[TRY IT]:
Restate every line of the material below word for word, skipping the images.

[RECORDS]:
──────────────────────────────

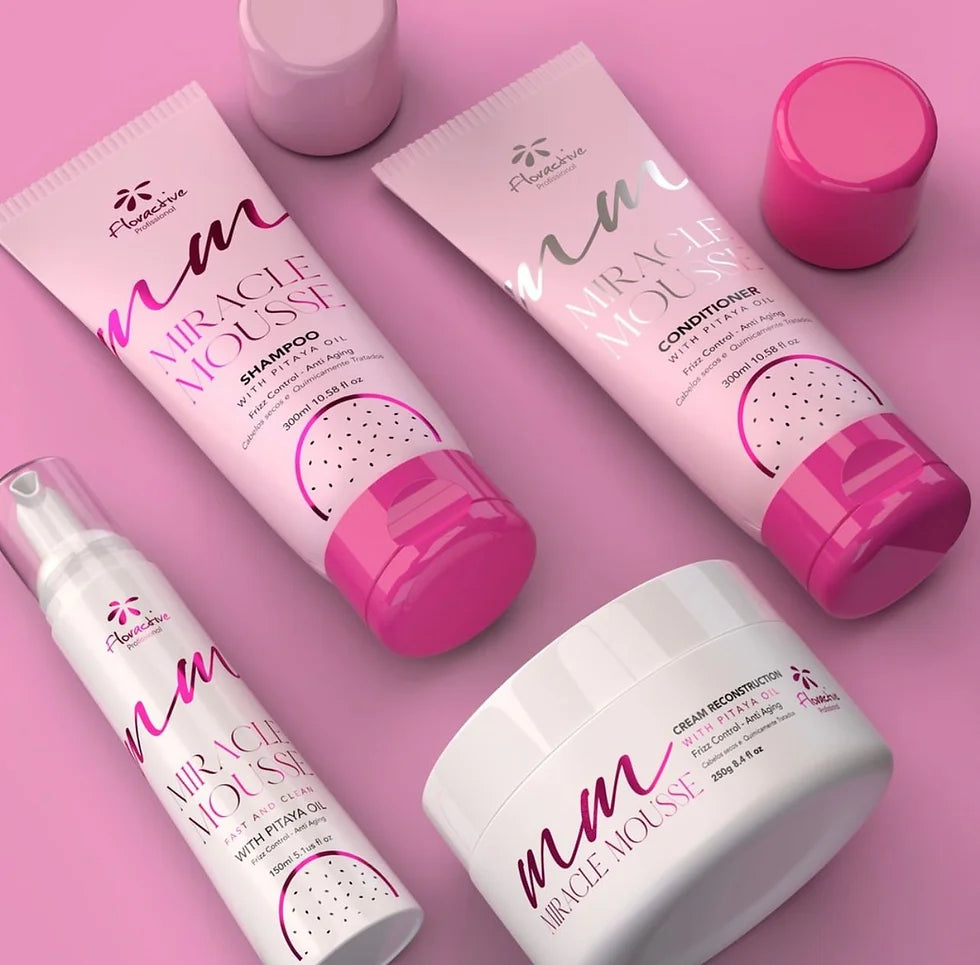 Acondicionador Miracle Mousse 300ml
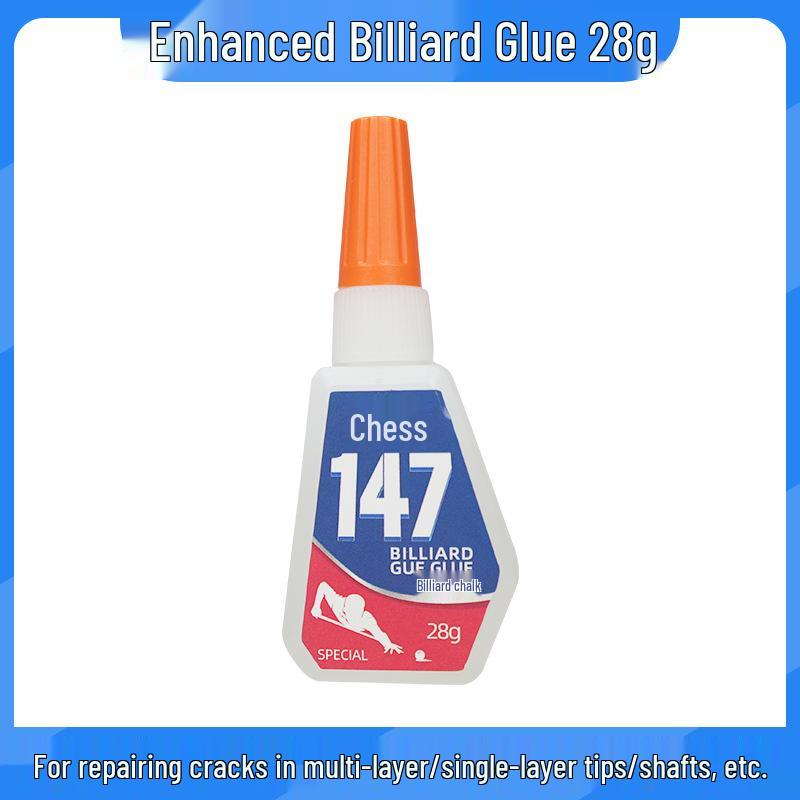 401 Super Glue for Chess & Billiard Cue Tips, Rubber, Metal, Plastic, Strong Adhesive Repair 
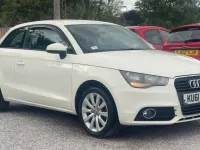 Used Audi A1 Sport 120 HP (88 kW) 2011 White Hatchback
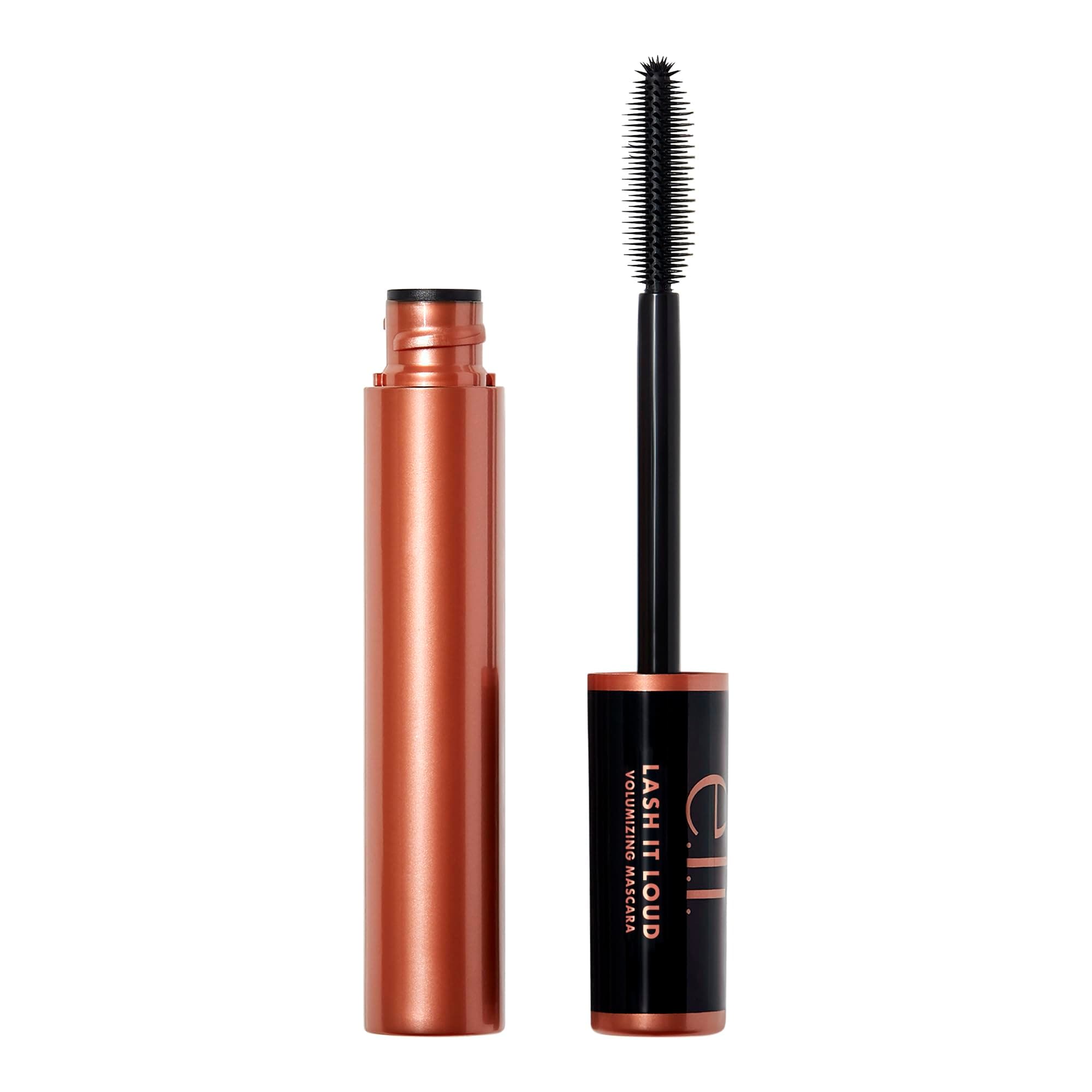 Lash It Loud Mascara, Volumizing Formula for Mega Volume Lashes, Creates Fuller & Bolder Eyelashes, Intensely Pigmented, Deep Brown, 1.1 Oz
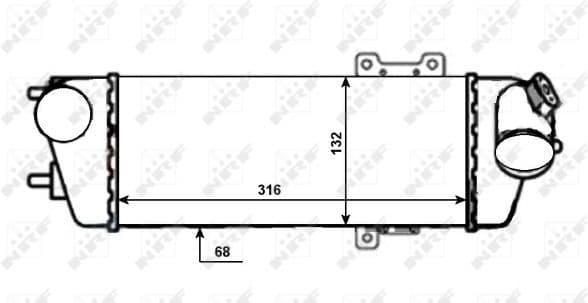 Charge Air Cooler 30525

──────────────────────────────

[COMPLETED TASK]:
 Acondicionador Miracle Mousse 300ml
 401 Super Glue for Chess & Billiard Cue Tips, Rubber, Metal, Plastic, Strong Adhesive Repair 
 Used Audi A1 Sport 120 HP (88 kW) 2011 White Hatchback
 Lash It Loud Mascara, Volumizing Formula for Mega Volume Lashes, Creates Fuller & Bolder Eyelashes, Intensely Pigmented, Deep Brown, 1.1 Oz
 Charge Air Cooler 30525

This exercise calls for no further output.